This is an interesting idea. Has anyone done this before? I'm waiting for a puppy and am worried about puppy kindergarten classes too.


----------



## lily cd re (Jul 23, 2012)

MonicaLin said:


> This is an interesting idea. Has anyone done this before? I'm waiting for a puppy and am worried about puppy kindergarten classes too.



What aspect of puppy class worries you? Immunization protection or how the class is run? If you are worried about how the class is run I would suggest observing a session or two with a trainer or at a location you would consider going with your puppy to get a feel for the way it works. If it is about immunizations then you have to trust your gut, although there is evidence that it is safe to take puppies to class before they are fully immunized.

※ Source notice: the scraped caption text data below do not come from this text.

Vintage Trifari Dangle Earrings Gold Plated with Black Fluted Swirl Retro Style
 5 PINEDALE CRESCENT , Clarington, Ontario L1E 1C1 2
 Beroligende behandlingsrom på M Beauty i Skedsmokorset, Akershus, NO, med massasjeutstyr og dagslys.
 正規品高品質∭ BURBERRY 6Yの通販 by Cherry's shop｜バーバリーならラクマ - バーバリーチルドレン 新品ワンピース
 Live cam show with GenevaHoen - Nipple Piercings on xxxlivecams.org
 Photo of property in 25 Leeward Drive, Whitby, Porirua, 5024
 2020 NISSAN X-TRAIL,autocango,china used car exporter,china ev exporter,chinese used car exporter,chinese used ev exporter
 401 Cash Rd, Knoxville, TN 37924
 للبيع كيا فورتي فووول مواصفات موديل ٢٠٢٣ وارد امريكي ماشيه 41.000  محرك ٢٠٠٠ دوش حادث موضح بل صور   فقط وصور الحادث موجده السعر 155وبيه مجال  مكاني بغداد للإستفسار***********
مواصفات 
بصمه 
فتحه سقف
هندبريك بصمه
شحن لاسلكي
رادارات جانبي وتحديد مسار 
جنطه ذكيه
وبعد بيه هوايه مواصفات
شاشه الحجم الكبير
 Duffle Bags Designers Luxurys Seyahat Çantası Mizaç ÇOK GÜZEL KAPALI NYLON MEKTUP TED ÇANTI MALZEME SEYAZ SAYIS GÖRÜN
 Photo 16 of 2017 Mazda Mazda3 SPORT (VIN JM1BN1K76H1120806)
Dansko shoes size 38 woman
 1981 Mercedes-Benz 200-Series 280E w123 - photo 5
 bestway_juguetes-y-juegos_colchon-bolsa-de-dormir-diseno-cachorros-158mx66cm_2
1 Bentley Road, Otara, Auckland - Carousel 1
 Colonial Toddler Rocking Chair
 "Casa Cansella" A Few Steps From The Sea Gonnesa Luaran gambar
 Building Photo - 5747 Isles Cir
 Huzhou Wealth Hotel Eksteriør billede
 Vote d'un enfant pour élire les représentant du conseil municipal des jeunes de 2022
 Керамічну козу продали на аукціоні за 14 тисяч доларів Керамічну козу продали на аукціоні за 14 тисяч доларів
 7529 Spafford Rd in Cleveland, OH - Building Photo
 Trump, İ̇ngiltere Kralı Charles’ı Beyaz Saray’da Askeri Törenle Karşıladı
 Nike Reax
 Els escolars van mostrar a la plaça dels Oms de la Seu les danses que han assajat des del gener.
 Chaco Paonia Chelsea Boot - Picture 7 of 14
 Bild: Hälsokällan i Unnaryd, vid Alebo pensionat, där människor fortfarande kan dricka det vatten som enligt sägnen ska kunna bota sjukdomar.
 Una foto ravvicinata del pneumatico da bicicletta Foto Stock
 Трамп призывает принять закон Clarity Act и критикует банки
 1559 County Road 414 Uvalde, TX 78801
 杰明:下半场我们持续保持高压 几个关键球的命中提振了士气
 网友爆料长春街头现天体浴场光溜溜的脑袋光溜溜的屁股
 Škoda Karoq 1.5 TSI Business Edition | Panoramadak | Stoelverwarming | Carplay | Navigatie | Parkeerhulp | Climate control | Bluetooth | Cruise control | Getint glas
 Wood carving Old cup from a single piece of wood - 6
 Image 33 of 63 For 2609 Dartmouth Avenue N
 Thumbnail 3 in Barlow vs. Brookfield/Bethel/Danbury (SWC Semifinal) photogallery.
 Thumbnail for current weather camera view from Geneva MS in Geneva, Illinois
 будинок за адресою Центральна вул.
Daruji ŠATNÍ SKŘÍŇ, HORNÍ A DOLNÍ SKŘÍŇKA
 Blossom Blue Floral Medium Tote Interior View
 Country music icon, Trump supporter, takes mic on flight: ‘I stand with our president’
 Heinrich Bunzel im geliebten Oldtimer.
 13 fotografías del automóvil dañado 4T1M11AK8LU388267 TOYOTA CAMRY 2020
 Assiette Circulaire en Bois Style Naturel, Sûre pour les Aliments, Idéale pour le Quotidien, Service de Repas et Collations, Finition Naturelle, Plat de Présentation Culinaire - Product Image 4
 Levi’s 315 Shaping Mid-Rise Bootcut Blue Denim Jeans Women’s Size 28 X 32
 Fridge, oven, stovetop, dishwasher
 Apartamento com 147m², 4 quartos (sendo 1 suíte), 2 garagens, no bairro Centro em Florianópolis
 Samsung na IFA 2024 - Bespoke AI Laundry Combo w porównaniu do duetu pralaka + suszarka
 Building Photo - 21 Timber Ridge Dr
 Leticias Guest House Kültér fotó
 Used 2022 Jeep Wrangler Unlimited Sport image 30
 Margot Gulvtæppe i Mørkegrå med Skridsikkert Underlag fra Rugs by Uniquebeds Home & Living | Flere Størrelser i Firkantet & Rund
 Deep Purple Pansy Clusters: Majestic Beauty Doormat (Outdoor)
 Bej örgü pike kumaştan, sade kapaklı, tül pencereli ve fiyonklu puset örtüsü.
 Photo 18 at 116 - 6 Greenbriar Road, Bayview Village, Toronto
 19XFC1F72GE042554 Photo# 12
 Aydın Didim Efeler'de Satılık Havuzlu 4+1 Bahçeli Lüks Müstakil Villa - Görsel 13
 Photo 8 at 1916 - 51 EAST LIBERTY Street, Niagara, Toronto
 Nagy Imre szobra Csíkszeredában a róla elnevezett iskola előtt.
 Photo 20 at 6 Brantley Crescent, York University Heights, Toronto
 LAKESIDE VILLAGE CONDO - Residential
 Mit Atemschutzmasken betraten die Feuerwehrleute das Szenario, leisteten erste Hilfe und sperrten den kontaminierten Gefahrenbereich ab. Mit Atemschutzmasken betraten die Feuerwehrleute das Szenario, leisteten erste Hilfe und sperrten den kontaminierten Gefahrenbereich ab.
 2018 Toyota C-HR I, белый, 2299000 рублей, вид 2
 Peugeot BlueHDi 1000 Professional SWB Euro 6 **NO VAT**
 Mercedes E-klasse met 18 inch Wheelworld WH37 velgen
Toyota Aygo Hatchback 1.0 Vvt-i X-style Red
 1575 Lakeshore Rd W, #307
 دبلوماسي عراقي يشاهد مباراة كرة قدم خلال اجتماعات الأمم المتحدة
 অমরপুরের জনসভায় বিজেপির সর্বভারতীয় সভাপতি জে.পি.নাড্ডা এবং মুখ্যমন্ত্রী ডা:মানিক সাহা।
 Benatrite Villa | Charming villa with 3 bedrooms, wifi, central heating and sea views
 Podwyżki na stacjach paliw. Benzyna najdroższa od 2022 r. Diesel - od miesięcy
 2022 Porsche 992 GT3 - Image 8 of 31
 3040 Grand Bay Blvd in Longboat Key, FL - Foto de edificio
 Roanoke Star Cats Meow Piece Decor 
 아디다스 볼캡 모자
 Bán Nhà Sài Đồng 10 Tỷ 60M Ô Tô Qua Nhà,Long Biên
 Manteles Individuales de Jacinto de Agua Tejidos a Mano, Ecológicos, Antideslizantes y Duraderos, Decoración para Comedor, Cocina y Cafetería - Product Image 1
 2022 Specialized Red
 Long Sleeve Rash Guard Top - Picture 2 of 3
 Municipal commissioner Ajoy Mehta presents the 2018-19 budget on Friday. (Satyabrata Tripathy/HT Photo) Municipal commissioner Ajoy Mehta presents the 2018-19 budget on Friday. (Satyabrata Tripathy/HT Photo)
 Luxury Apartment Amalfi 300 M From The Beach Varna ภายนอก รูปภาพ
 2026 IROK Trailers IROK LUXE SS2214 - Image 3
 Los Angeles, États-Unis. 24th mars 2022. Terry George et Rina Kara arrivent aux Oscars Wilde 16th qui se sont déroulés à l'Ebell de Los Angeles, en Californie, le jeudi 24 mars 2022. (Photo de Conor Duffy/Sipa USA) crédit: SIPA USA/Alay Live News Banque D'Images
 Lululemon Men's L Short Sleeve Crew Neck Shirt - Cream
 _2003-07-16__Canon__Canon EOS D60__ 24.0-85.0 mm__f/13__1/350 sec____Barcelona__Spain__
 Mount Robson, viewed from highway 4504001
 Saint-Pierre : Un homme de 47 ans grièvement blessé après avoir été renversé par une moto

A good puppy class should focus mostly on socialization opportunities with lots of play time off leash. This shouldn't be a free for all, but well supervised by the instructor who will take bullies out of the mix when they do things they shouldn't to give the more reserved puppies a chance to enjoy each other. The bullies should also learn that they got their "time out" for being too rough by watching everybody else play while they have to sit out. Puppy classes should also expose puppies to lots of different kinds of people and objects like people in hats, with crutches, men with beards, walking on different kinds of surfaces, walking on unstable surfaces, etc.


----------